## Problem statement
Leave the images aside and copy out the whole listing, exact to the word.

···

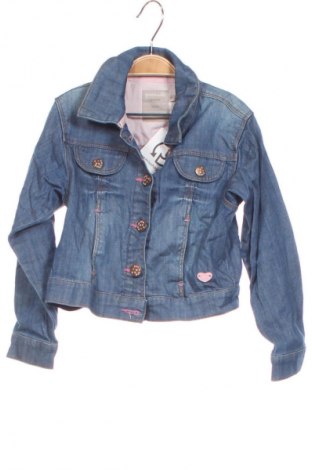 Kinderjacke Grain De Ble, Größe 2-3y/ 98-104 cm, Farbe Blau, Preis € 9,99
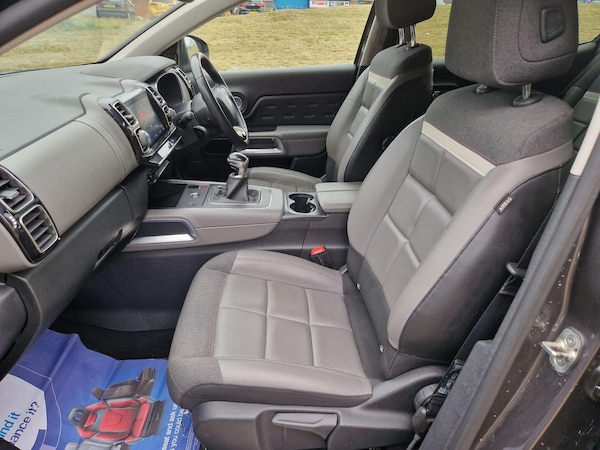 Used Citroen C5 Aircross 2020 for sale - 75614381: Photo 46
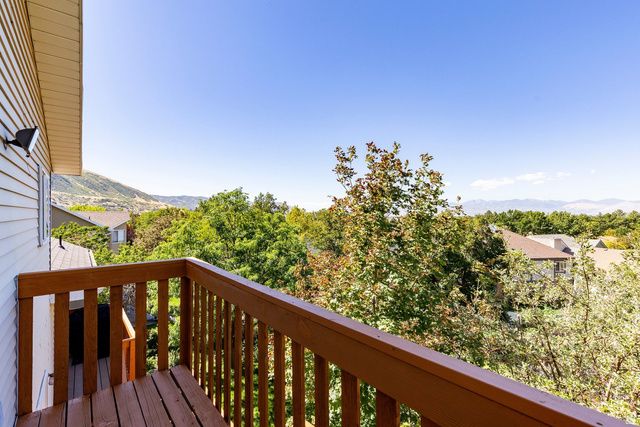 11548 S HIGH MESA DRIVE, Sandy, UT 84092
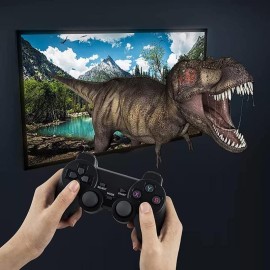Consola de Videojuegos Retro HDMI con Tarjeta 4K HD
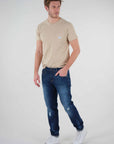 Deeluxe Caesar Jeans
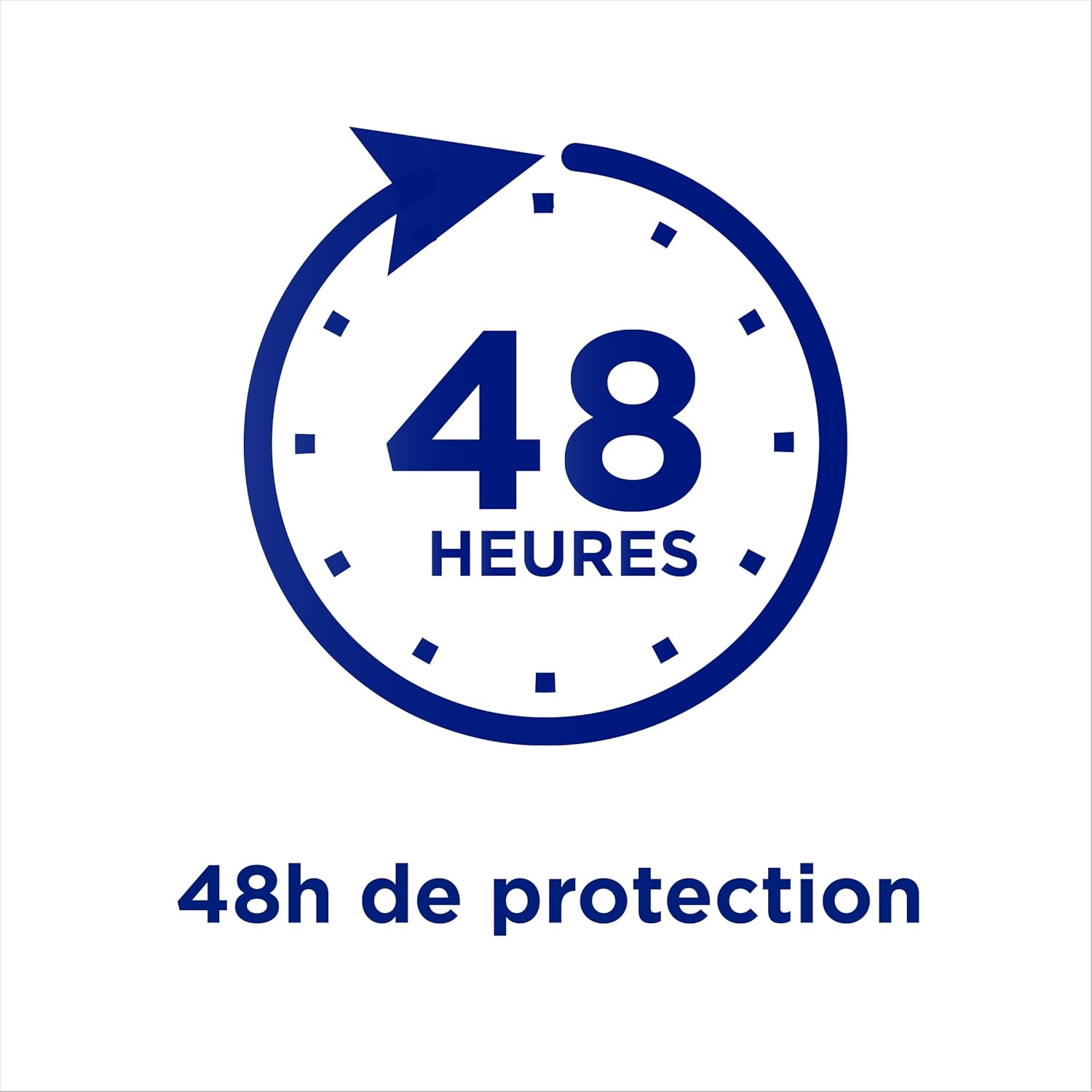 Roll-On deodorant SANEX - Natur Protect pierre d'alun - Cpourtoi.Net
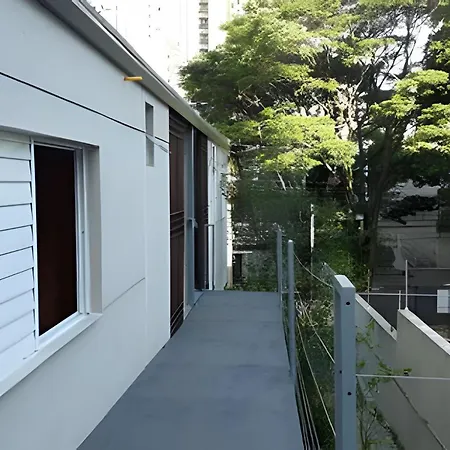Vila Galeria Sao Paulo Exterior photo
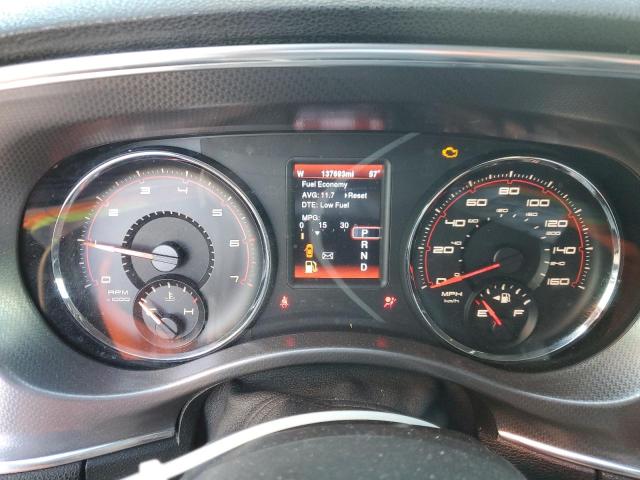 Photo 9 from auction – 2014 DODGE CHARGER R/ with VIN 2C3CDXCT2EH253862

···

## Answer box
 Kinderjacke Grain De Ble, Größe 2-3y/ 98-104 cm, Farbe Blau, Preis € 9,99
 Used Citroen C5 Aircross 2020 for sale - 75614381: Photo 46
 11548 S HIGH MESA DRIVE, Sandy, UT 84092
Consola de Videojuegos Retro HDMI con Tarjeta 4K HD
 Deeluxe Caesar Jeans
 Roll-On deodorant SANEX - Natur Protect pierre d'alun - Cpourtoi.Net
Vila Galeria Sao Paulo Exterior photo
 Photo 9 from auction – 2014 DODGE CHARGER R/ with VIN 2C3CDXCT2EH253862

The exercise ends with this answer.